If you're planning a move, the time to start decluttering is now. Decluttering before moving is slightly more complicated than your typical spring cleaning process. Unless you're one of the few (lucky) people who love to clean and organize, you are probably dreading the decluttering process. However, tackling it now will save you time and money – not to mention giving you a tremendous sense of relief and accomplishment. Here are some tips to make it easier.
Remember how much money you're saving
To stay motivated, keep in mind that decluttering after your move is the more expensive option. Decluttering first will save you money in a couple of ways. First, you’ll have the opportunity to make some money to help with your move by selling unwanted items (or you can make a charitable donation). You’ll also spend less on your move itself because you’ll be taking less with you. That means fewer packing supplies, a smaller truck, and less time the movers will spend on your job. If you’re moving long-distance, you’ll also save money on the weight load.

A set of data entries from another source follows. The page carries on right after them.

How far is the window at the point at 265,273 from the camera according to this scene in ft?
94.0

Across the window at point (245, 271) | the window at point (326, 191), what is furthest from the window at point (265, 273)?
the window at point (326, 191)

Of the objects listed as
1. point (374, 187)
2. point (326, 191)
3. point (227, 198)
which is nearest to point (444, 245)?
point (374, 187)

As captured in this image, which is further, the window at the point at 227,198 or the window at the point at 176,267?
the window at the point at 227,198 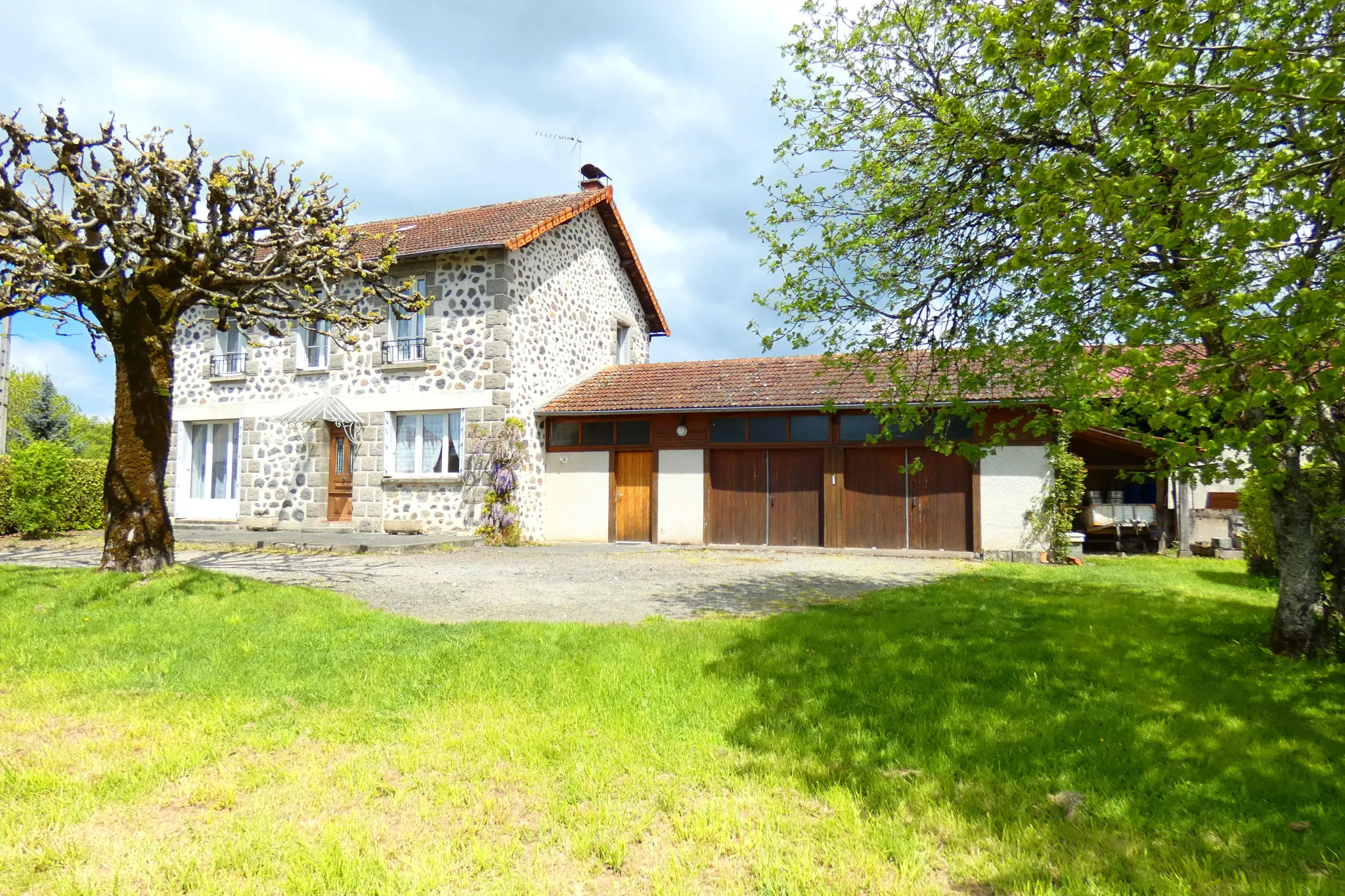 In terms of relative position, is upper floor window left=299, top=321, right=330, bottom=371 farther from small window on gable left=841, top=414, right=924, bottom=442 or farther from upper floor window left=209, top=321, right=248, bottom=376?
small window on gable left=841, top=414, right=924, bottom=442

Start with heavy things that are easy to pack
For many people, books are an excellent place to begin the decluttering process. Even if you have shelf after shelf laden with books, this is still an easy category to get through and completing it will motivate you to do more. Pack up all the books you most likely won’t reread (and be honest). Donate or sell them, and you’ve instantly made your move that much easier.
Think category - not room
For example, when you’re paring down your book collection, check every corner of every room in your house for unused books. Look in the attic, the basement, all the closets, the bedrooms, and so on to find every book you own. Then, decide which ones to keep and which ones to let go.

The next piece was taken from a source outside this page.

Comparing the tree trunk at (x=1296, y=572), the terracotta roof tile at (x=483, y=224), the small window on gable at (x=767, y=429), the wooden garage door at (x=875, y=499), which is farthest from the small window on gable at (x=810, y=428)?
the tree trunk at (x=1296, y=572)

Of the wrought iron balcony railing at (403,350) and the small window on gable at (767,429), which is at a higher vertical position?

Organize your belongings into labeled boxes or piles
You’ll figure out which categories you need, but in general, you can use groups such as keep/pack, sell, donate, and toss. As you go through all your categories of things you own, sort each item into one of these boxes or piles. Make sure to keep a record of all the details you donate for tax purposes. To sell items, take photos and post them online or plan a garage sale. Pack as many of the objects you’re keeping as possible, leaving out enough clothing and personal items to get you through the next few weeks or months.
Need help letting go? Retrain your brain
If you’re finding it hard to part with your things, rephrase your mental wording. Instead of asking yourself whether you should get rid of something, ask yourself whether the item is something you want to pack, move, and unpack in your brand-new, spotless home. Of course, you should keep items that have great sentimental value or that make you happy. If you don’t love it or use it, though, there’s no reason to drag it from house to house (or from state to state). Only take the things you need and the things that will make you happy when you see them in your new home.